Extracted information –
↓↓↓

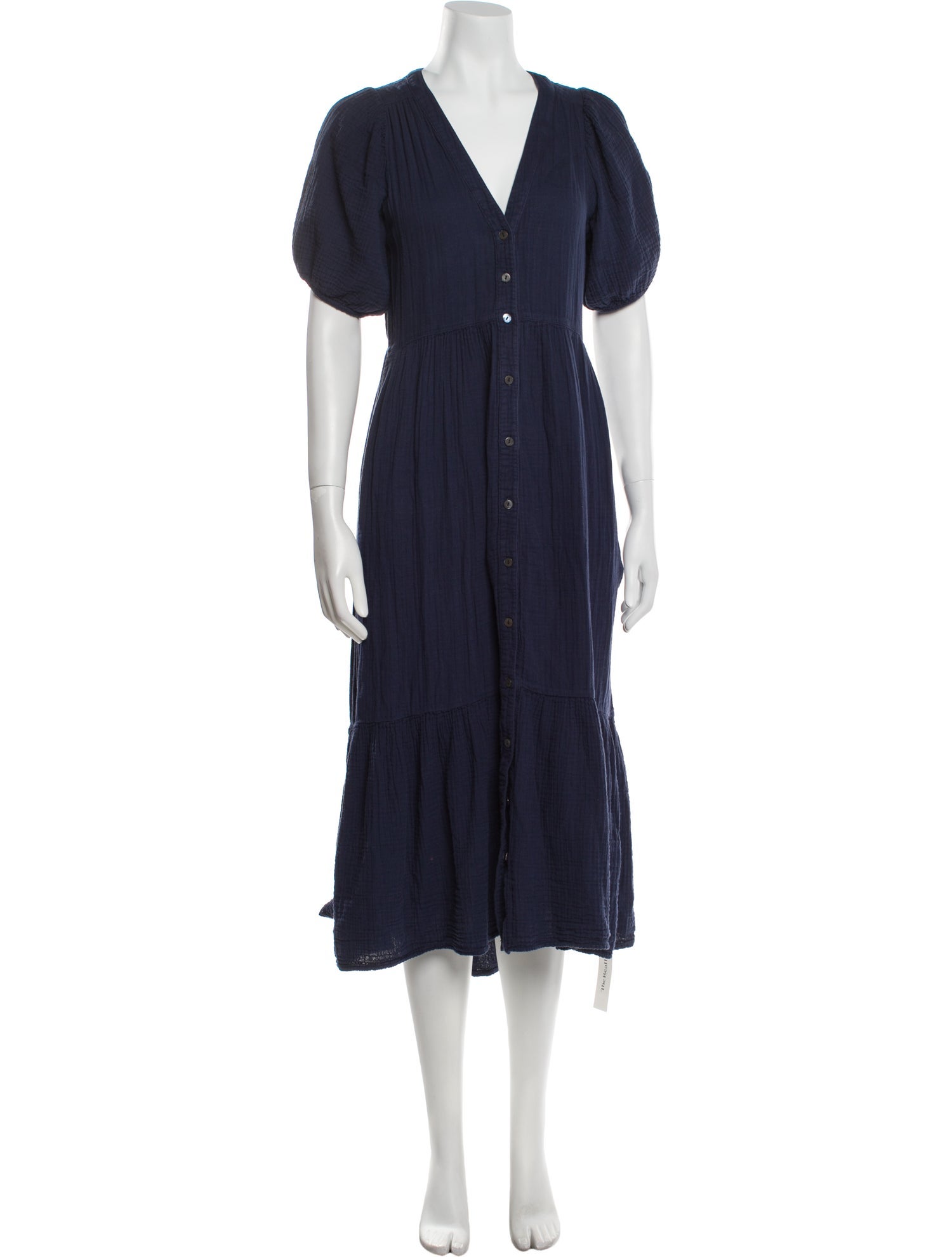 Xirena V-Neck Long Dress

↑↑↑
↓↓↓

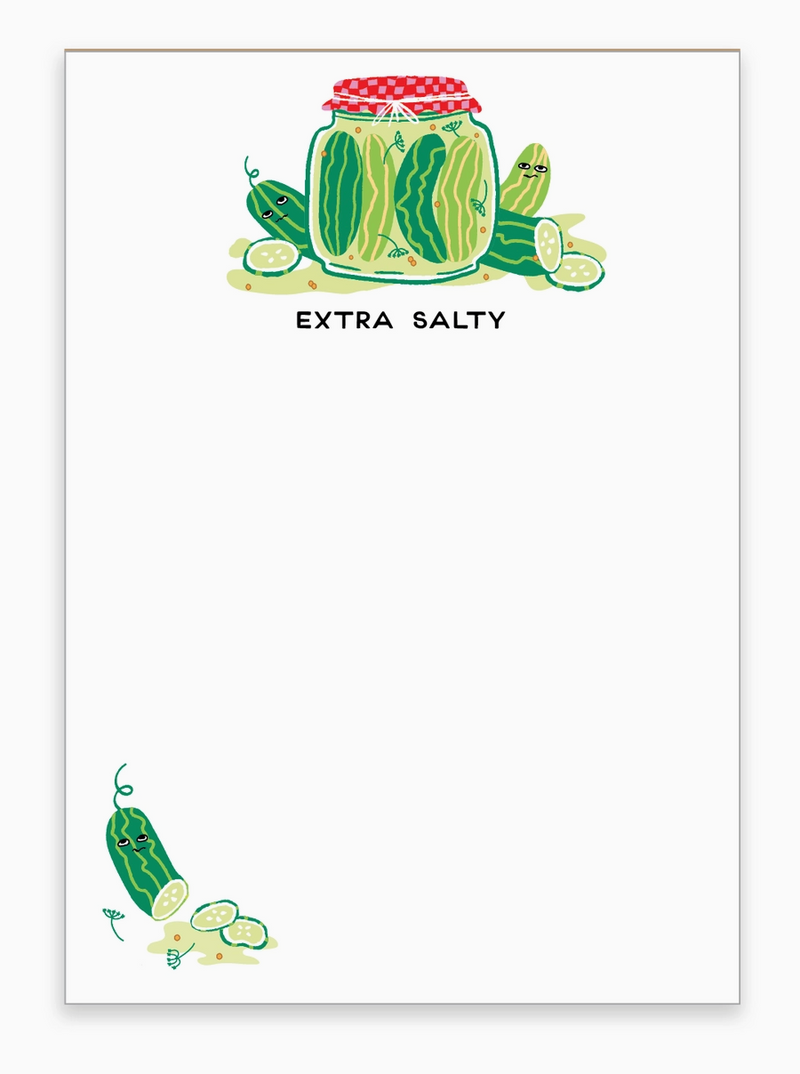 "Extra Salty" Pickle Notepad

↑↑↑
↓↓↓

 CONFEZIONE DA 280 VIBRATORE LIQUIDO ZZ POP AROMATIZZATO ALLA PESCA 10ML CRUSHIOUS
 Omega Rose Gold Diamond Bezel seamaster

↑↑↑

Your goal –
With the line that has "CONFEZIONE DA 280" as the first and the line that has "Omega Rose Gold Diamond Bezel seamaster" as the last, repeat exactly that run of lines above and no more.

Reply to the task –
 CONFEZIONE DA 280 VIBRATORE LIQUIDO ZZ POP AROMATIZZATO ALLA PESCA 10ML CRUSHIOUS
 Omega Rose Gold Diamond Bezel seamaster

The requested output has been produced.